WHAT THE TASK ASKS:
With the exception of the pictures, write out the data below precisely.

** Opening PROVIDED MATERIAL block **

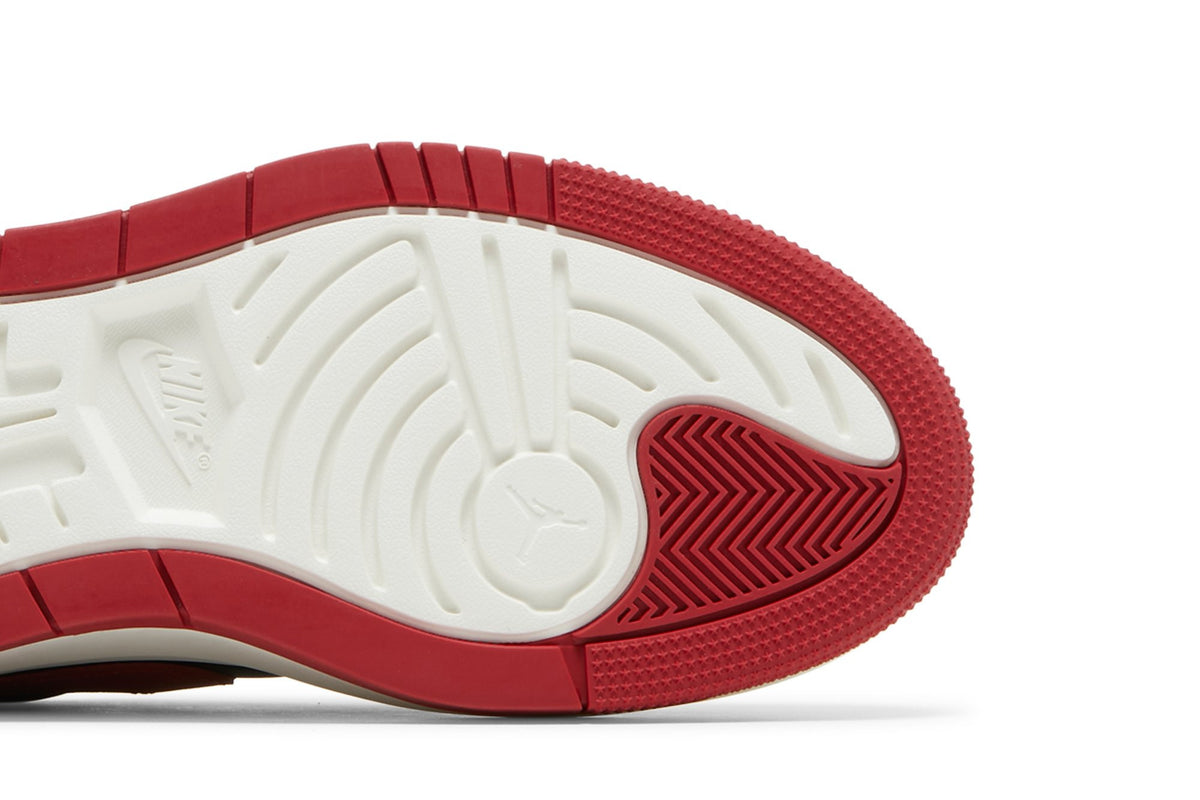 Retro 1 Elevate Low SE Sneakers — Bred — DQ1823-006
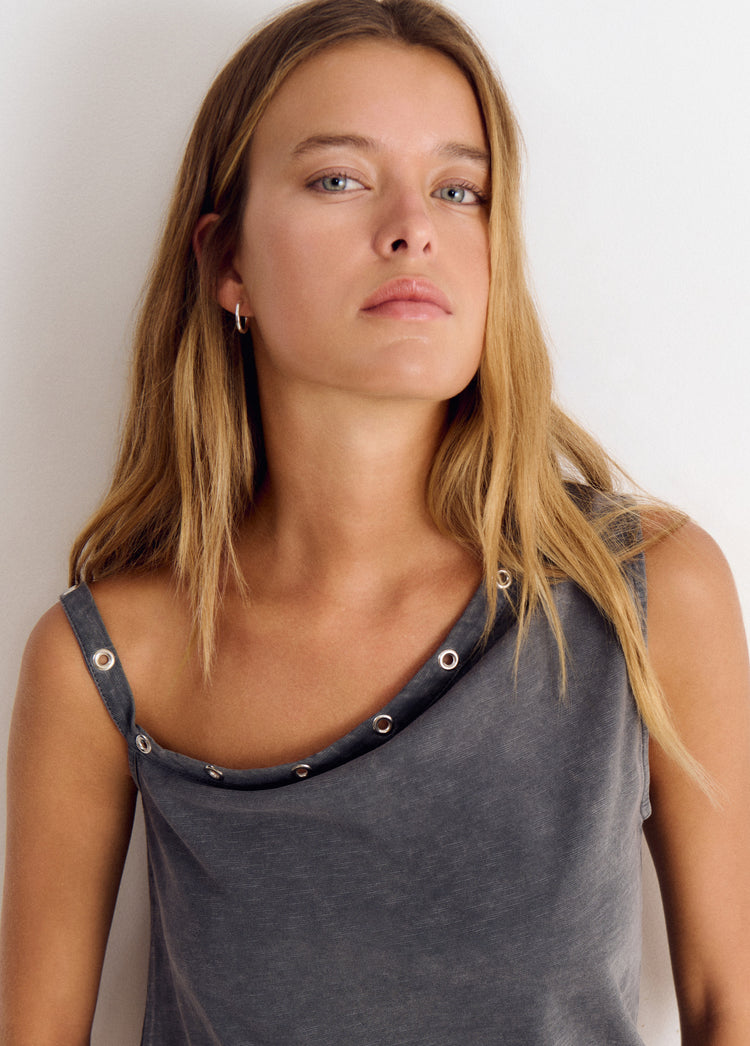 Camiseta asimetrica eyelets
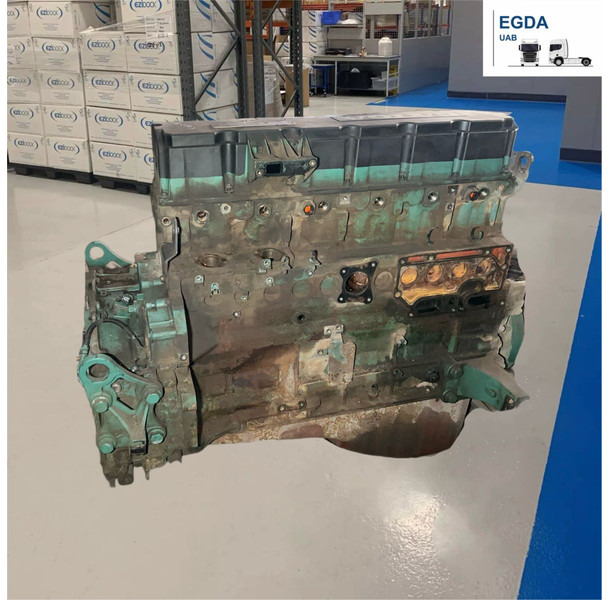 Volvo D7E - Motor: 2 kép. Volvo D7E - Motor: 2 kép.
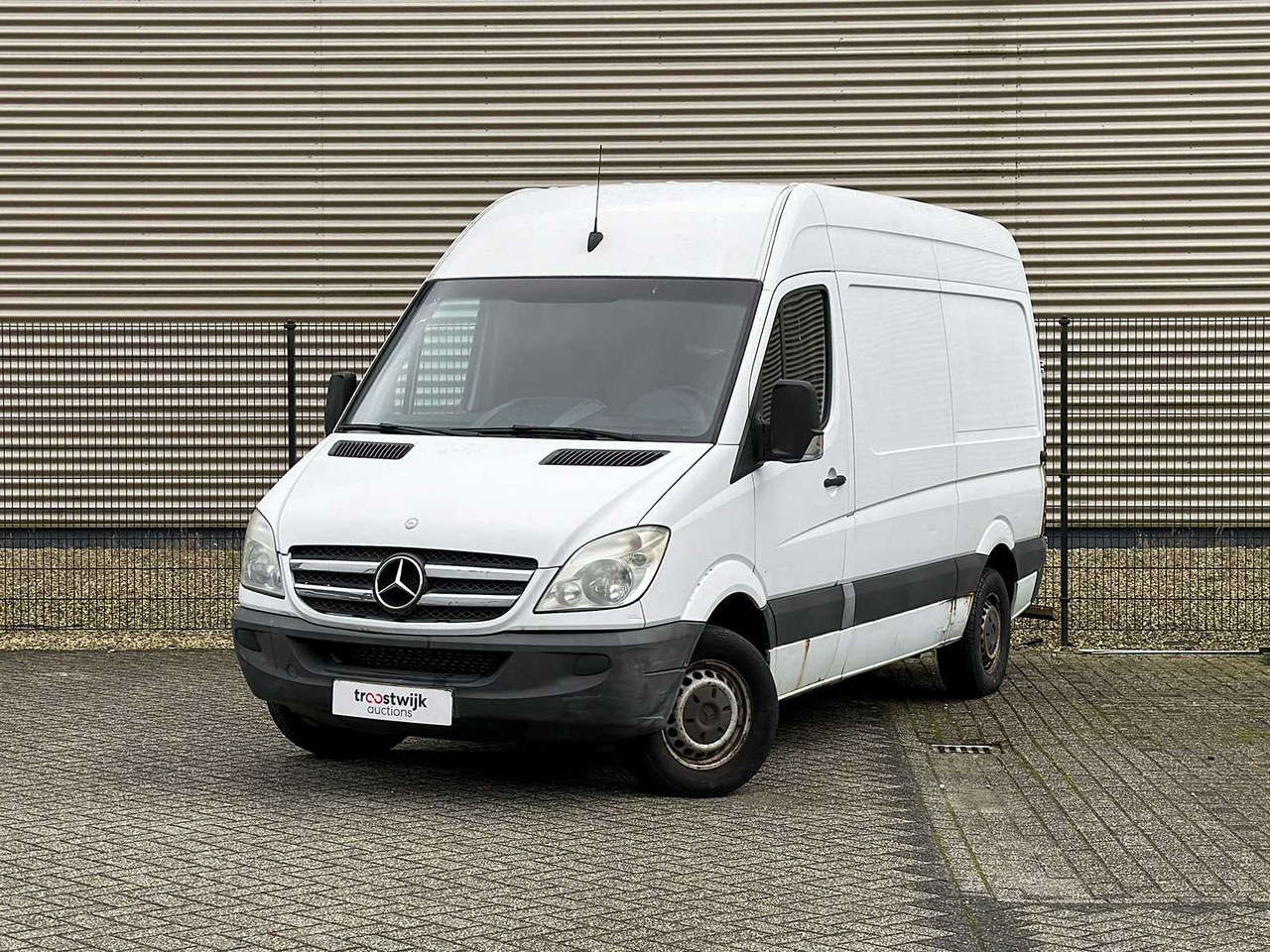 MERCEDES-BENZ SPRINTER 315 2.2 CDI 366 EHD 150HP 2007, 49-VGK-5 COMMERCIAL VEHICLE YOUNGTIMER - Лекотоварен автомобил: снимка 2 MERCEDES-BENZ SPRINTER 315 2.2 CDI 366 EHD 150HP 2007, 49-VGK-5 COMMERCIAL VEHICLE YOUNGTIMER - Лекотоварен автомобил: снимка 2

** Closing PROVIDED MATERIAL block **

REPLY TO THE TASK:
 Retro 1 Elevate Low SE Sneakers — Bred — DQ1823-006
 Camiseta asimetrica eyelets
 Volvo D7E - Motor: 2 kép. Volvo D7E - Motor: 2 kép.
 MERCEDES-BENZ SPRINTER 315 2.2 CDI 366 EHD 150HP 2007, 49-VGK-5 COMMERCIAL VEHICLE YOUNGTIMER - Лекотоварен автомобил: снимка 2 MERCEDES-BENZ SPRINTER 315 2.2 CDI 366 EHD 150HP 2007, 49-VGK-5 COMMERCIAL VEHICLE YOUNGTIMER - Лекотоварен автомобил: снимка 2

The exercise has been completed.